*What you need to do:*
While you copy the lines below, skip the pictures and keep the rest exact.

[Records from a collection]
══════

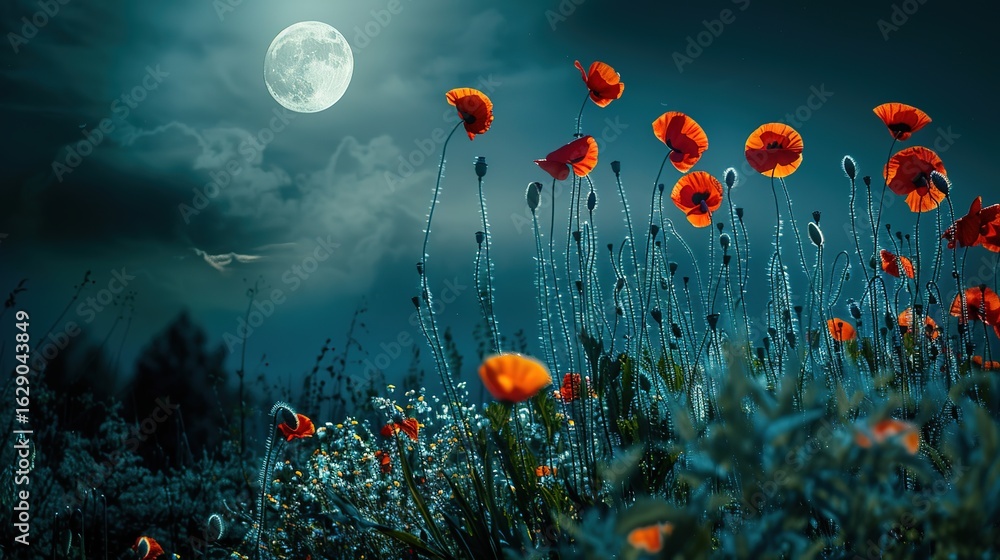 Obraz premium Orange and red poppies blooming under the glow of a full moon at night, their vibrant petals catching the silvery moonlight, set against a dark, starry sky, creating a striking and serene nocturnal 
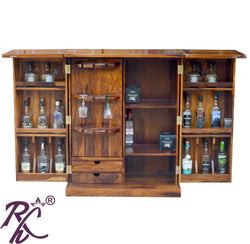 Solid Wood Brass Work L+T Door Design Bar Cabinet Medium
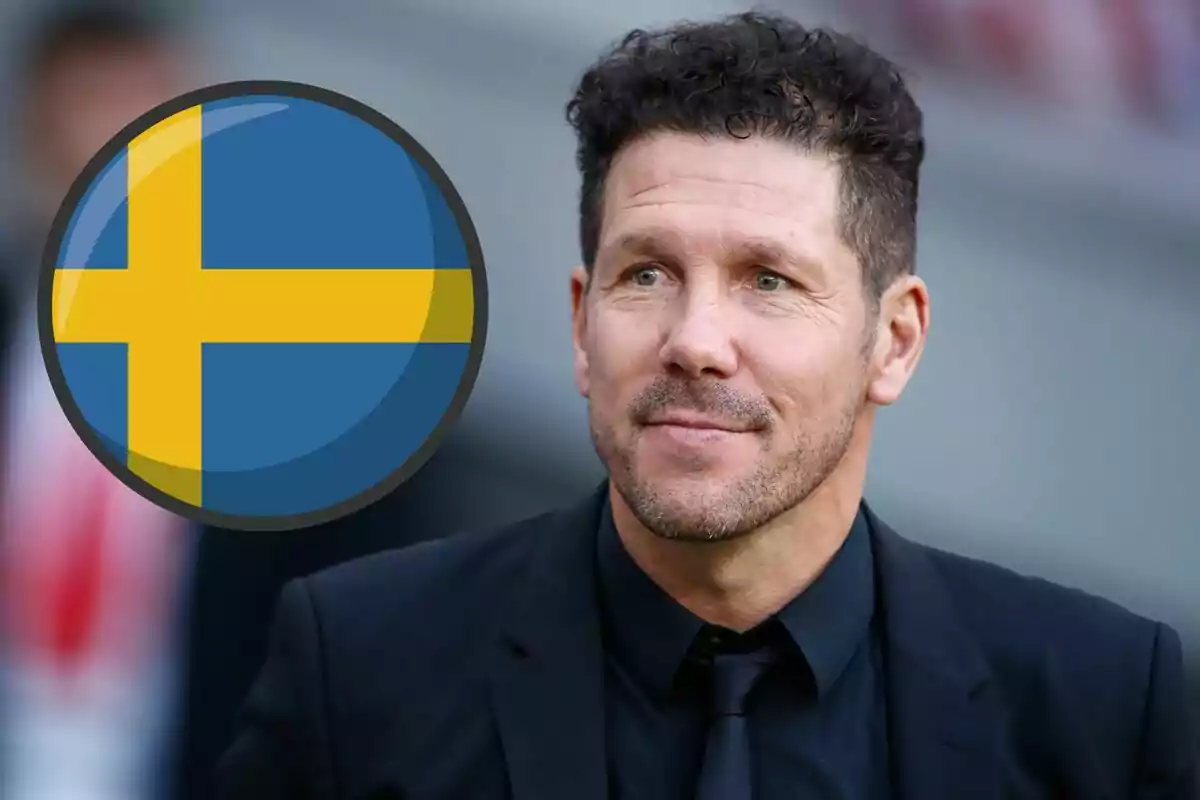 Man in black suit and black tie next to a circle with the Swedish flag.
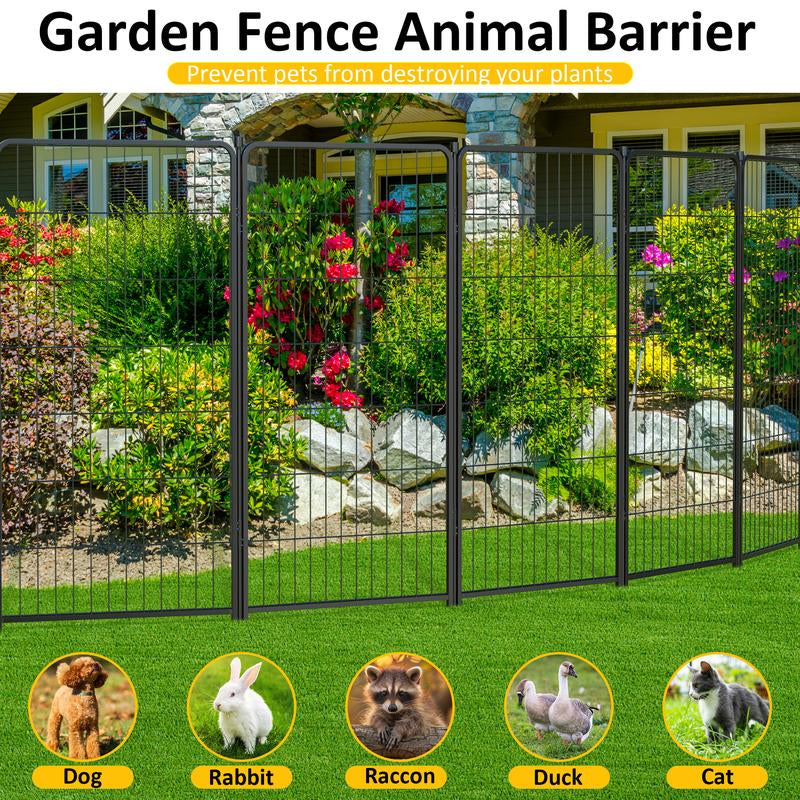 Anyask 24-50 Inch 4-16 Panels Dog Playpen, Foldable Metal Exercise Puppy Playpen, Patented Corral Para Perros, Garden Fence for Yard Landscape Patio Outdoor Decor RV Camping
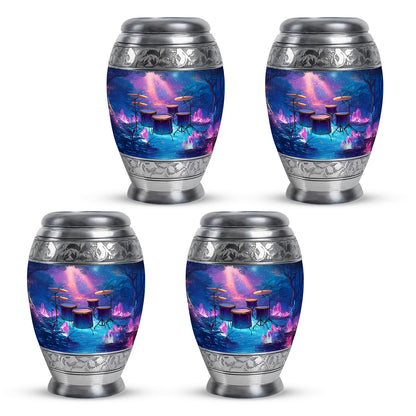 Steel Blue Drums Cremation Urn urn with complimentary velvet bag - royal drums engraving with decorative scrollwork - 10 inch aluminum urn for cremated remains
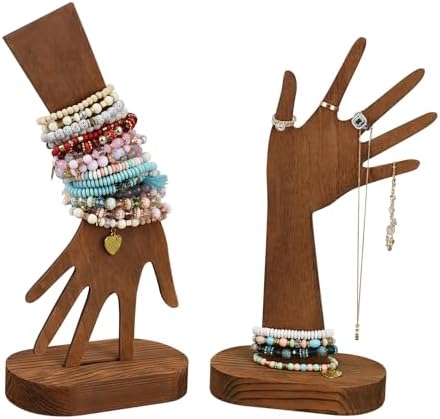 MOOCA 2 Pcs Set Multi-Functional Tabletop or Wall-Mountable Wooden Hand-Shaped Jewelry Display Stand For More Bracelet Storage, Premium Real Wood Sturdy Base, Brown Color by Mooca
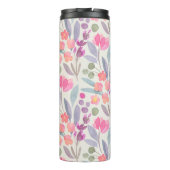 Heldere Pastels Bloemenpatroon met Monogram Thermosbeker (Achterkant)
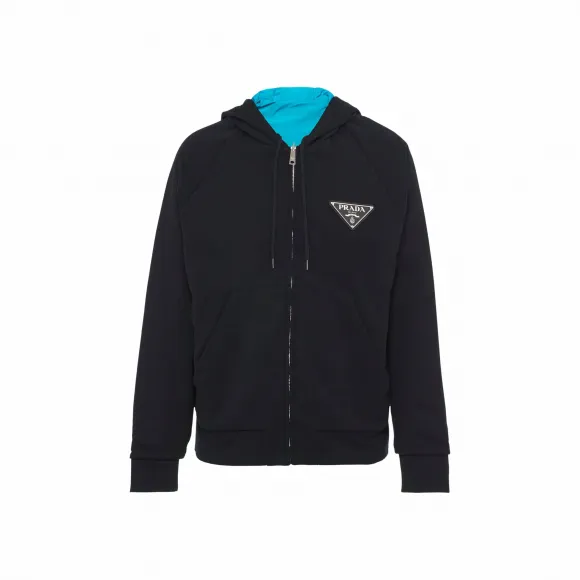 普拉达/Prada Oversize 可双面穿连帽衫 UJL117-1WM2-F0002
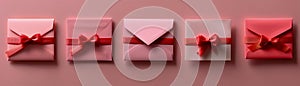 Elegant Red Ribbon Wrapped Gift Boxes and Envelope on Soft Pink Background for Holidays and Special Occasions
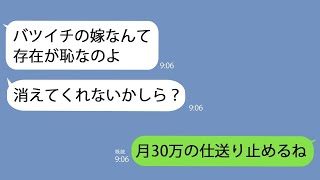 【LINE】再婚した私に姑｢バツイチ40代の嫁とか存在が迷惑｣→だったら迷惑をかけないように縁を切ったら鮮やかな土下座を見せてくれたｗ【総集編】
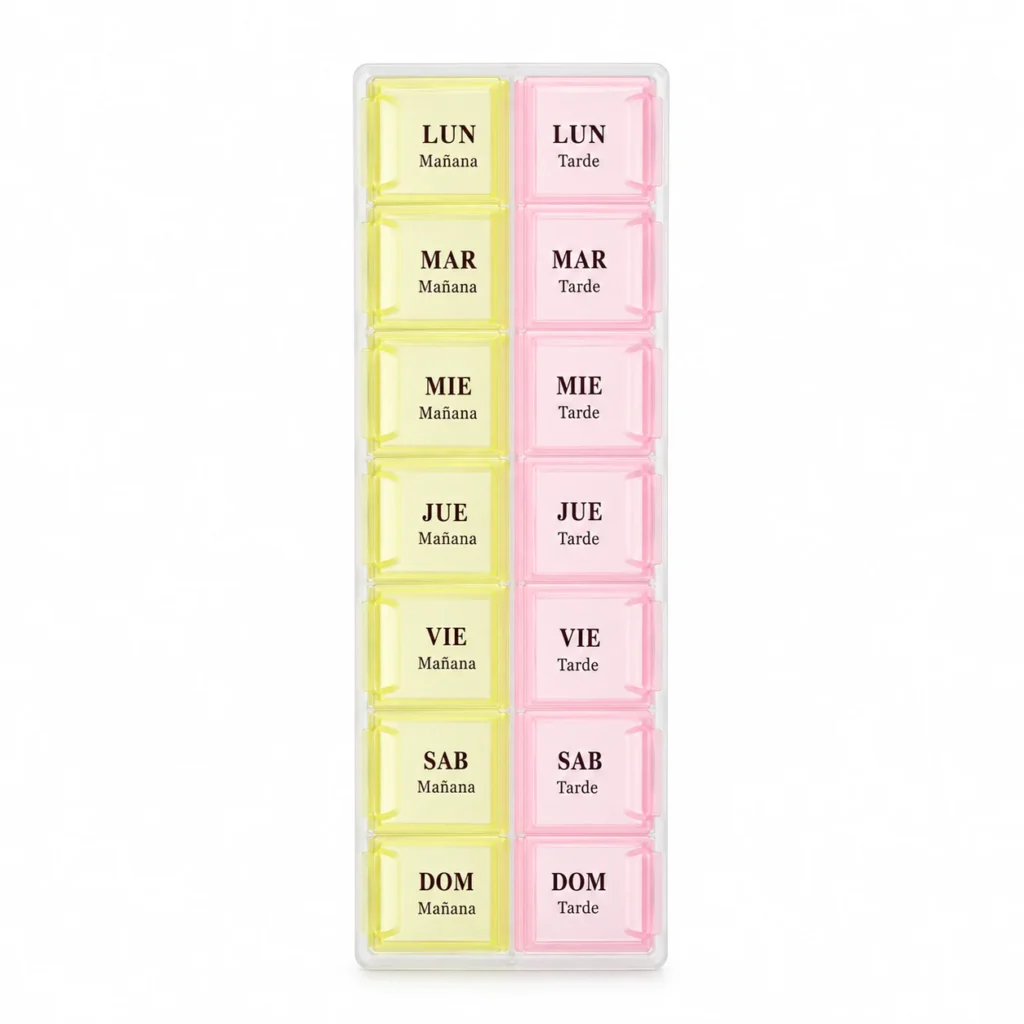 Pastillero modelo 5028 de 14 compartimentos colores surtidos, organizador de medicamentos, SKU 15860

══════

*Written response:*
 Obraz premium Orange and red poppies blooming under the glow of a full moon at night, their vibrant petals catching the silvery moonlight, set against a dark, starry sky, creating a striking and serene nocturnal 
 Solid Wood Brass Work L+T Door Design Bar Cabinet Medium
 Man in black suit and black tie next to a circle with the Swedish flag.
 Anyask 24-50 Inch 4-16 Panels Dog Playpen, Foldable Metal Exercise Puppy Playpen, Patented Corral Para Perros, Garden Fence for Yard Landscape Patio Outdoor Decor RV Camping
 Steel Blue Drums Cremation Urn urn with complimentary velvet bag - royal drums engraving with decorative scrollwork - 10 inch aluminum urn for cremated remains
 MOOCA 2 Pcs Set Multi-Functional Tabletop or Wall-Mountable Wooden Hand-Shaped Jewelry Display Stand For More Bracelet Storage, Premium Real Wood Sturdy Base, Brown Color by Mooca
 Heldere Pastels Bloemenpatroon met Monogram Thermosbeker (Achterkant)
 普拉达/Prada Oversize 可双面穿连帽衫 UJL117-1WM2-F0002
 Elegant Red Ribbon Wrapped Gift Boxes and Envelope on Soft Pink Background for Holidays and Special Occasions
 【LINE】再婚した私に姑｢バツイチ40代の嫁とか存在が迷惑｣→だったら迷惑をかけないように縁を切ったら鮮やかな土下座を見せてくれたｗ【総集編】
 Pastillero modelo 5028 de 14 compartimentos colores surtidos, organizador de medicamentos, SKU 15860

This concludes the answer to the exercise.